Buying a camera body on the basis of resale value has always been a poor game to play, digital cameras more so.

Good quality lenses, however, do tend to retain their value a lot better over time.


----------



## Blagsta (Aug 25, 2009)

Johnny Canuck2 said:


> Your problem can also be solved with a good digital compact, then reading the manual.
> 
> *My digital compact has a fastest shutter speed of 1/3200. There aren't many dolphins you can't freeze frame with that.*
> 
> I think DSLRs are sexy looking, and there are features about them that I like. But then you're lugging a big DSLR everywhere.  I'd like to get one for certain specified uses, but for just going about day to day, and being able to get a camera out and getting some image, I think the digital compact wins out in ease of use.

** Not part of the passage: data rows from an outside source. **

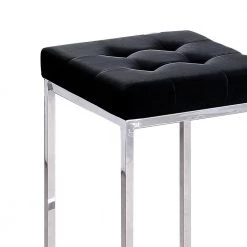 Jersey 26.5 in. H Black Velvet Counter Height Stool in Silver (Set of 2) by Best Master Furniture -Inspired Home Sales Store black best master furniture bar stools jl018vb e1 1000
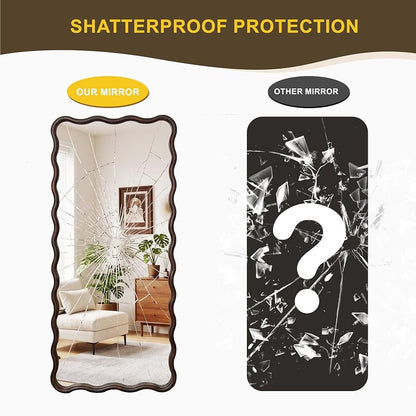 Full Length Mirror 56" x 24" Wood Framed - Dark Brown Wavy Floor Mirror (Variation: 56"L x 24"W)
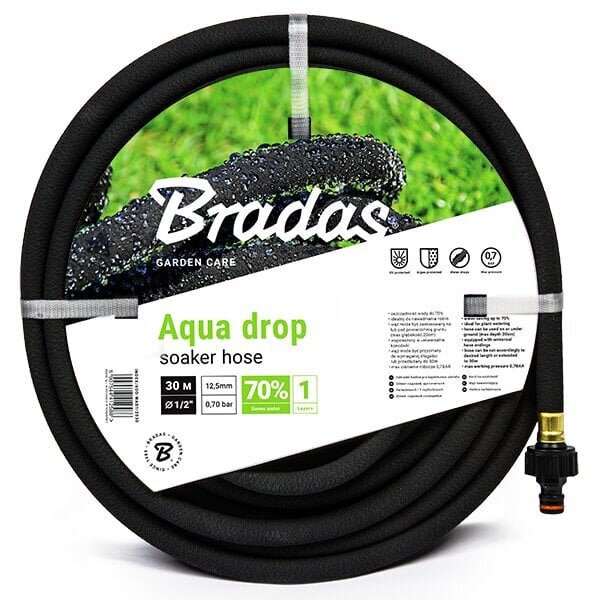 Poorne kastmisvoolik Bradas Aqua-Drop 1/2" 7,5m цена и информация | Kastekannud, voolikud, niisutus | kaup24.ee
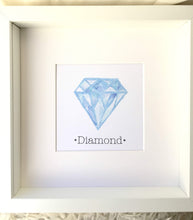 Load image into Gallery viewer, Diamond Birthstone Print Art APRIL Crystal. Choose Framed or Unframed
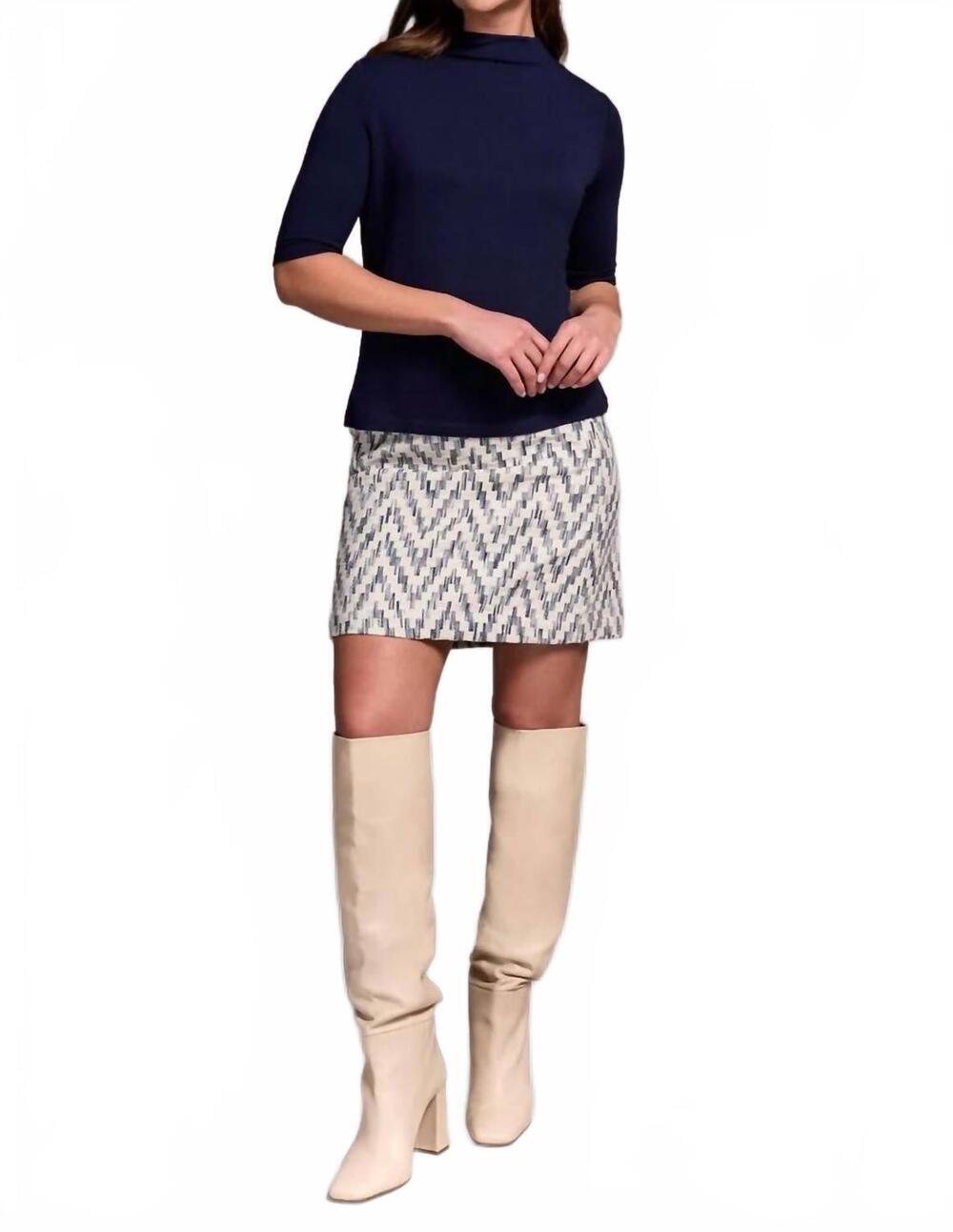 NEW TRIBAL funnel neck elbow sleeve top in nightfall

depends on the lighting don't it.  SLR's will tend to use lenses with wider apertures and be better at higher ISO, meaning higher shutter speeds are useable in low lighting

Most of the pics you post seem to be blurry


----------



## Madusa (Aug 26, 2009)

Blagsta said:


> depends on the lighting don't it.  SLR's will tend to use lenses with wider apertures and be better at higher ISO, meaning higher shutter speeds are useable in low lighting
> 
> *Most of the pics you post seem to be blurry*



This is quite true, Johnny. My digi cam before it conked out on me was getting increasing blurry with age.This is one of the big frustrations I had with it.
 I think I need to set aside sometime to go out and have a feel of different cameras. I think I am swaying towards a lightweight dslr but will have to factor in realistically whether it's size and weight will prevent me for chucking it in my day bag and taking it around with me like i would a digital compact.


----------



## Paul Russell (Aug 26, 2009)

Madusa said:


> I think I need to set aside sometime to go out and have a feel of different cameras. I think I am swaying towards a lightweight dslr but will have to factor in realistically whether it's size and weight will prevent me for chucking it in my day bag and taking it around with me like i would a digital compact.

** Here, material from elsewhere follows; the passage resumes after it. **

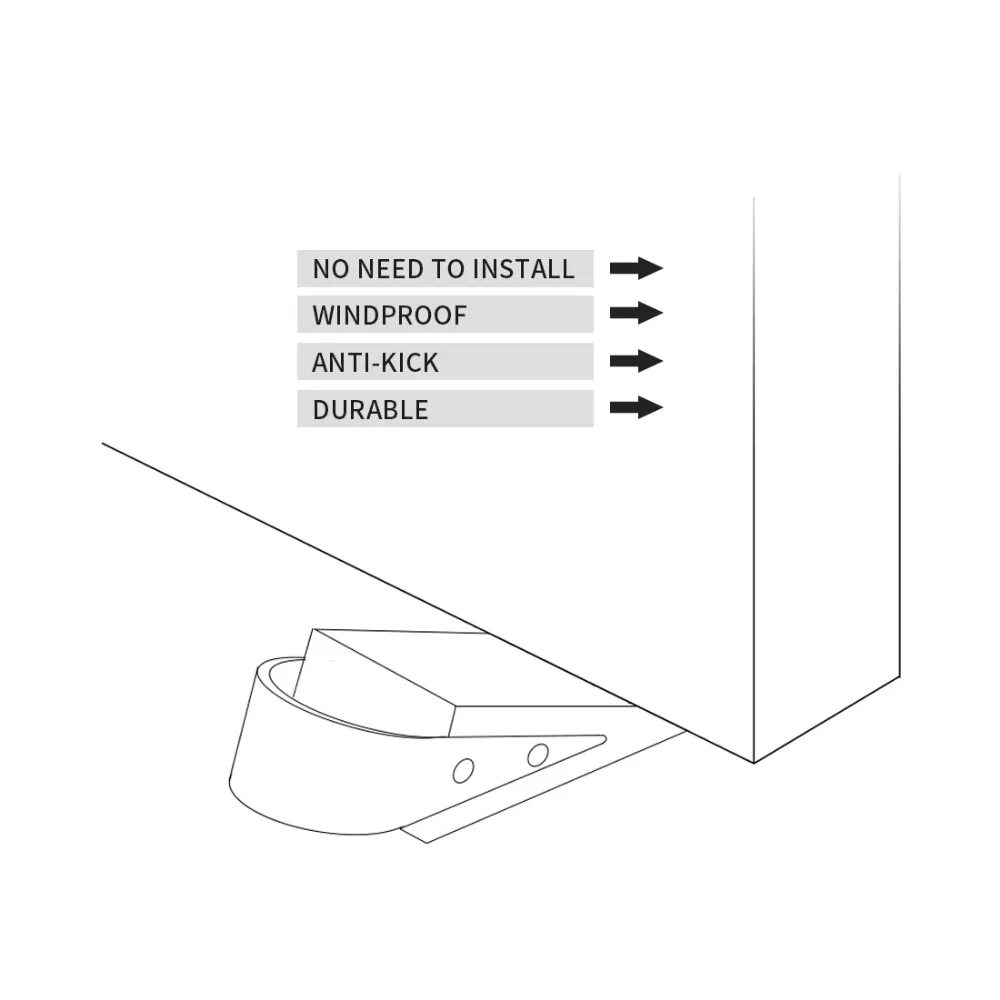 ANHO Rubber Stainless Steel Door Stopper Security Thickening Anti-collision Floor Door Holder Protection Kids Safe Home Office 14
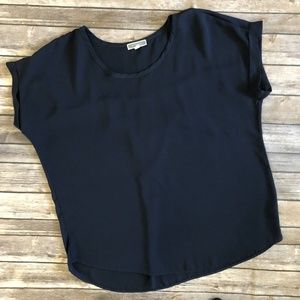 Pleione Short Sleeve Pleated Back Blouse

Probably stating the bleeding obvious, but get it insured against theft straight away, knowing what Barcelona's like for petty crime and scams... (And I speak as someone who has never got round to getting camera insurance )


----------



## Madusa (Aug 26, 2009)

Paul Russell said:


> Probably stating the bleeding obvious, but get it insured against theft straight away, knowing what Barcelona's like for petty crime and scams... (And I speak as someone who has never got round to getting camera insurance )



hmm, yeah maybe you're right.


----------



## Paul Russell (Aug 26, 2009)

Madusa said:


> hmm, yeah maybe you're right.



I was just thinking if you're an English (?????????) person in Barcelona, a flash camera is going to make you look a bit like one of those gullible tourists.


----------



## Madusa (Aug 26, 2009)

Paul Russell said:


> I was just thinking if you're an English (?????????) person in Barcelona, a flash camera is going to make you look a bit like one of those gullible tourists.

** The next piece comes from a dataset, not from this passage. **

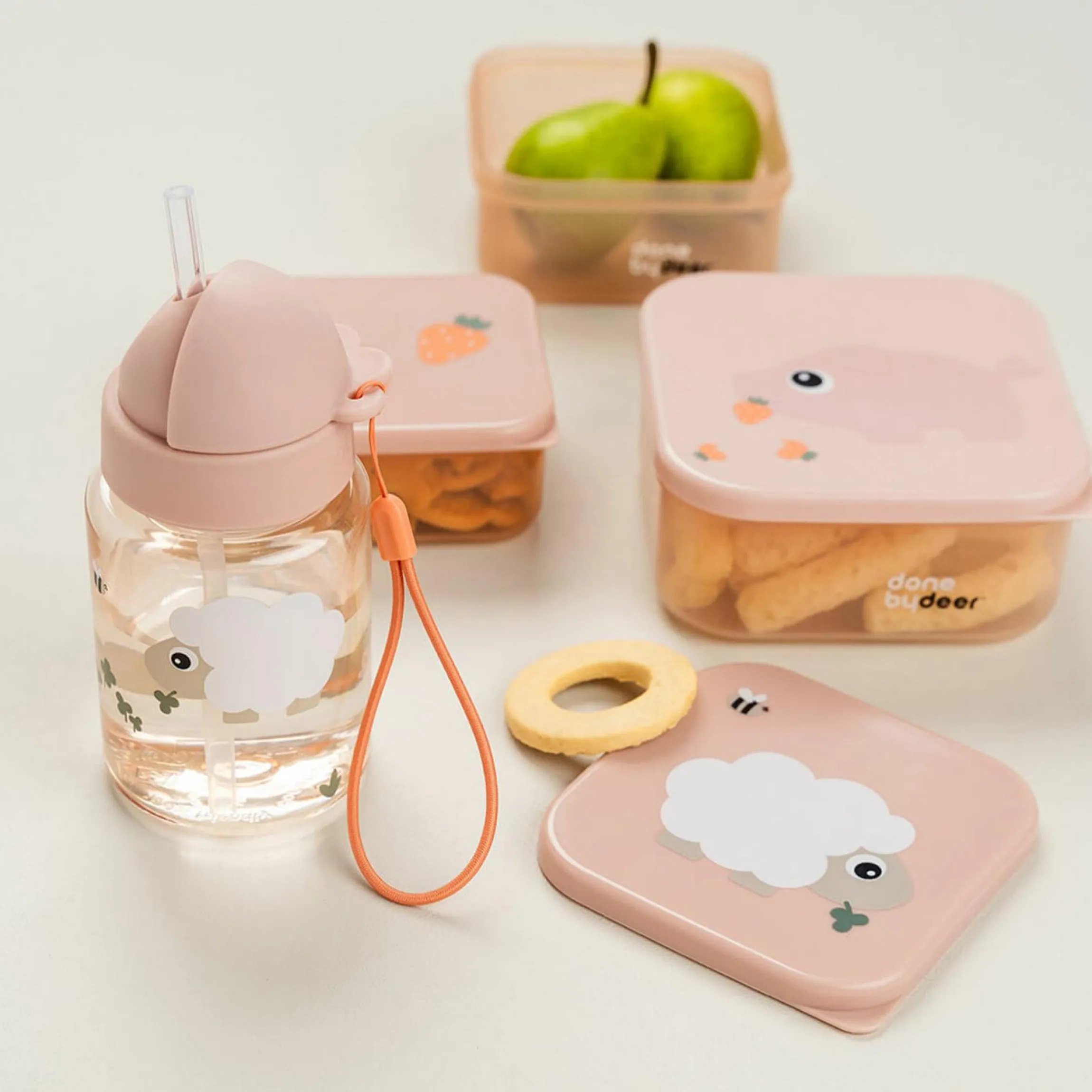 Trinkflasche mit Strohhalm 280 ml - Tiny Farm - Powder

nah: it's not like im gonna be walking round like a n00b snapping pics on the ramblas or at sagrada familia though is it?  it'll be ok. I wont let potential street robbers play too much a factor in what camera i opt for.


----------



## Paul Russell (Aug 26, 2009)

Madusa said:


> nah: it's not like im gonna be walking round like a n00b snapping pics on the ramblas or at sagrada familia though is it?  it'll be ok. I wont let potential street robbers play too much a factor in what camera i opt for.



Actually, the only attention my camera ever got in Barcelona was a couple of posh twats taking the piss out of it because it wasn't a Leica. "Oh don't laugh Crispin, not every camera can be a Leica."


----------



## Refused as fuck (Aug 26, 2009)

Crispin.


----------



## Madusa (Aug 26, 2009)

Actually, I did see a middle aged American man with a very sexy looking dSLR draped around his neck in the Raval (the only area outside of the touristy areas in the city where you're likely to experience any kind of hassles) at about midnight the other week, I tell ya, even _I_ was tempted!  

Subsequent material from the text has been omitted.